Face à l’injonction de parole, c’est encore trop souvent le silence qui domine dans ce qu’il faut bien appeler la clinique du réel. Comment nommer l’indicible, comment élaborer sur un irreprésentable ? Écoutons un extrait du témoignage d’Adélaïde Bon :
« Elle ne sent pas les méduses s’immiscer en elle ce jour-là. Elle ne sent pas les longs tentacules transparents la pénétrer, elle ne sait pas que leurs filaments vont l’entraîner peu à peu dans une histoire qui n’est pas la sienne, qui ne la concerne pas. Elle ne sait pas qu’ils vont la déporter de sa route, l’attirer vers des profondeurs désertes et inhospitalières, rétrécir année après année, le monde qui l’entoure à une petite poche d’air sans issue. Elle ne sait pas que désormais elle est en guerre et que l’armée ennemie habite en elle.
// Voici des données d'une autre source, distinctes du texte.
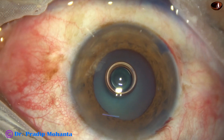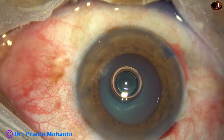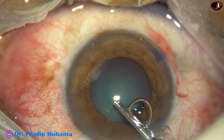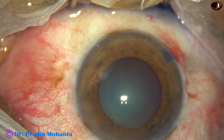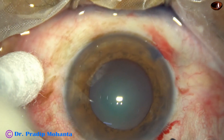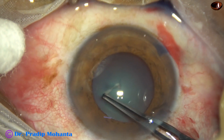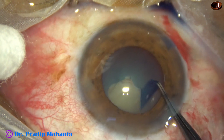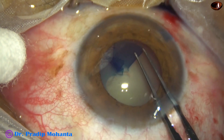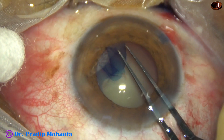Now let us see this case. In this case, the anterior capsule has already been stained. Viscoelastic goes in and fills the anterior chamber. Now it is the time to introduce the utrata forceps. As we enter into the anterior chamber with utrata, the anterior wall of the main wound is lifted up and the rest of the job is done keeping the utrata forceps lifted up.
Personne ne la prévient, personne ne lui explique, le monde s’est tu. »
Méduse est aussi l’immortelle, au regard pétrifiant, tel est son supplice pour avoir souillé l’autel d’Athéna par le viol dont elle a pourtant été victime. Dans sa version moderne, résonne la culture du viol puisque ceci n’est pas un mythe. Ce concept, dénonçant un environnement social et médiatique responsable d’une tolérance coupable envers les prédateurs sexuels, est apparu dans les années 1970 sous l’impulsion du mouvement féministe, nouvellement porté par la vague des mouvements #Meetoo en 2017. La culture de l’inceste adaptée de la précédente expression offre l’amorce d’une réponse collective quand nous savons que ce fléau concerne une personne sur dix, en France. Ces violences sexuelles infantiles et incestueuses sont-elles à entendre comme le berceau des violences sexuelles conjugales, comme le berceau d’une domination ?
La temporalité est le maitre mot des communications qui vont suivre, elles s’inscrivent dans un continuum chronologique, en même temps qu’elles témoignent d’une déstructuration temporelle propre à la clinique du traumatique. Est-il utile de rappeler que les temporalités relatives aux appareils judiciaire et psychique ne sont pas compatibles, sans compter qu’ils ne parlent pas le même langage.
Entre injonction et permis de dire, comment ses femmes meurtries peuvent-elles se reconstruire dans une rencontre thérapeutique qui s’attache d’abord à les reconnaitre comme sujet ?
Plus que des réponses, attendons-nous à d’autres questions aiguisant toujours un peu plus notre regard sur cette clinique si délicate des violences faites aux femmes dans un contexte intra familial.